You can extract a very small ripple that way so no issue with caps after the alternator. In most alternator scenarios there is a battery there doing the smoothing.

Then you can use whatever method to measure the period. Measuring the frequency will also work but will take longer to achieve a given resolution, so this is for you to work out.

Most CPUs today have loads of timers which can be set up to measure the period automatically. I've done exactly that to measure a 400Hz signal (for LVDT emulation, emitting two other signals which are phase-locked to this reference). Minimal software involved - just an ISR on the zero crossings.



Just to be sure, you mean something like the circuit in attachment?
The downside is that at generating factor of 10%, only the noise is left (if you compare it to the output_stage1 of the original post, it's quite messy).
As for processing of the output signal, I guess you mean the same as the Input Caputre feature mentioned above?

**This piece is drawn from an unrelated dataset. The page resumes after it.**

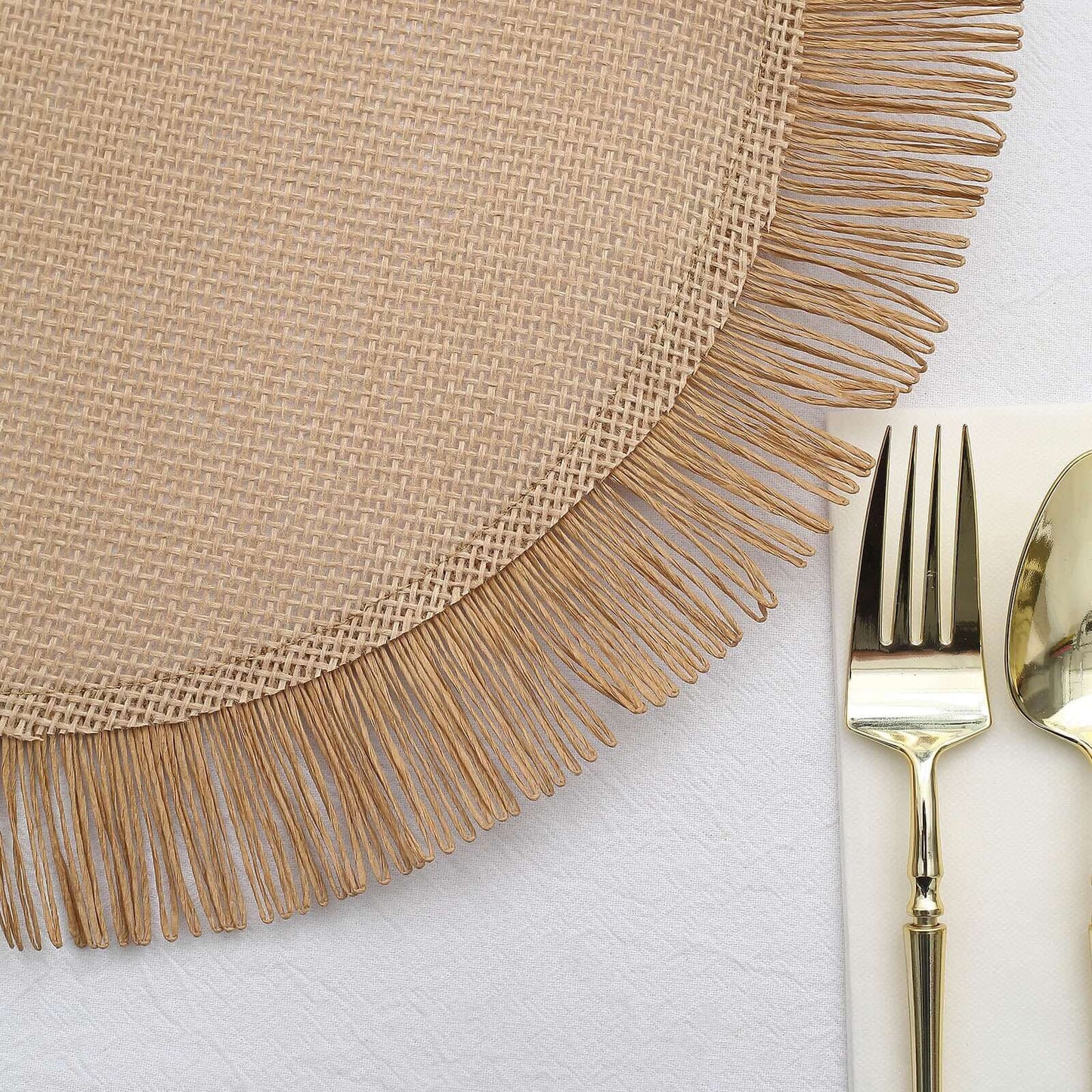 4-Pack Placemats Fringe Edge Design Natural Jute Round - Rustic Boho Chic Burlap Table Decor 16"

I was looking myself some more in the direction of converting it to a analogue signal, like an ADC. I asked it to chatGPT, just for testing, and it actually gave some good hints:
  • a frequency to voltage converter (FtoV): the chips alone are already quite expensive and way too precise for my application, in general they are also for higher frequencies (khz - Mhz)
  • different implementations of (different kinds of )integrators followed by low frequency pass filters. But these are too slow in adapting/response

So in order to implement the integrator I need to get something which is of 'faster frequency' than the original, in order to maintain responsiveness.
Therefor I was considering to use the time lag between the output_stage1 and output_stage2. If you compare pictures on100percent_2 and on10percent from the original post, you see that the time lag of hitting a certain voltage, is proportional to the frequency. This is a pretty short time, so when you fill up a small capacitor (start of filling = output_stage1 above a threshold voltage, stop = output_stage2 above the same threshold voltage) and afterwards measure the voltage, you have a voltage inverse proportional to the frequency. After this filling up you can use a simpe sample-and-hold circuit (sample = output_stage2  at max voltage, hold = output_stage2 = 0V) which feeds the analog input of your controller.
I don't know if the above makes any sense or would work. Anyone an idea?